21 Temmuz 2021 Çarşamba

GURUR

 

Gurur; Beşerin hayat-ı içtimaiyesinde dört çeşit manevi hastalıklardan biri “Gurur” ile insan maddî ve mânevî kemâlât ve mehasinden mahrum kalır. Eğer gurur saikasıyla başkaların kemâlâtına tenezzül etmeyip kendi kemâlâtını kâfi ve yüksek görürse, o insan nâkıstır.

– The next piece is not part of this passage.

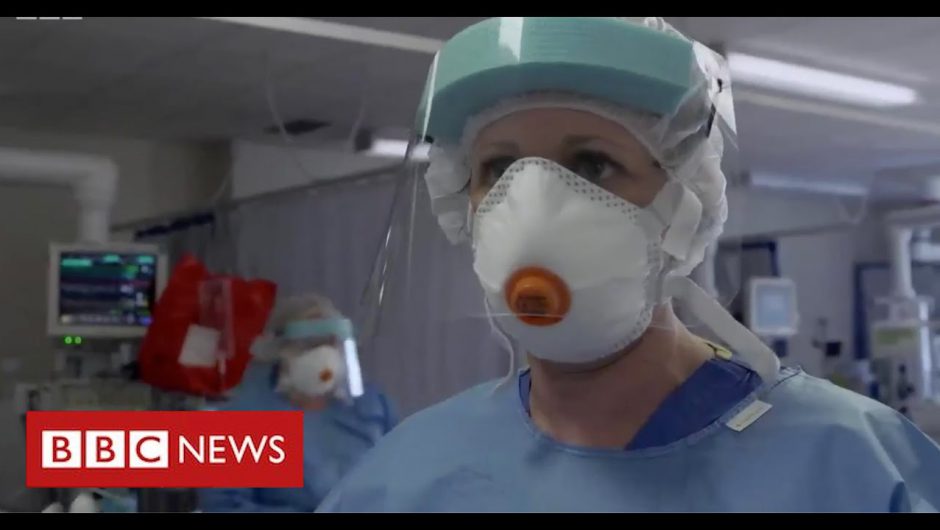 Coronavirus frontline: hospital staff "overwhelmed" by “onslaught of admissions” – BBC News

Böyle insanlar, malûmat ve keşfiyatlarını daha yüksek görmekle, eslâf-ı izâmın irşadat ve keşfiyatlarından mahrum kalırlar. Ve evhama mâruz kalarak, bütün bütün çizgiden çıkarlar. Hâlbuki eslâf-ı izâmın kırk günde yaptıkları bir keşfiyatı, bunlar kırk senede bulamazlar.
(Mesnevi-i Nuriye, Katre, Hatime)

Mademki iş böyledir; gurur ve enâniyeti bırak. Dergâh-ı ulûhiyetinde, acz ve zaafını, fakr ve fâkatını istimdat ve lisân-ı tazarru ve ubudiyetle ve duayla ilân et. Zira Takvâ-yı hakikî ise, gurur ve enâniyetle içtima edemiyor.
(Mesnevi-i Nuriye, Nurun ilk kapısı, 7.Mukaddime)

Hem, meselâ, gurur ve kibirde öyle bir ağır bir yük var ki, mağrur adam herkesten hürmet ister ve istemek sebebiyle istiskal gördüğünden, dâimâ azap çeker. Evet, hürmet verilir, istenilmez. Hem, meselâ, tevâzuda ve terk-i enâniyette öyle lezzetli bir mükâfat var ki, ağır bir yükten ve kendini soğuk beğendirmekten kurtarır.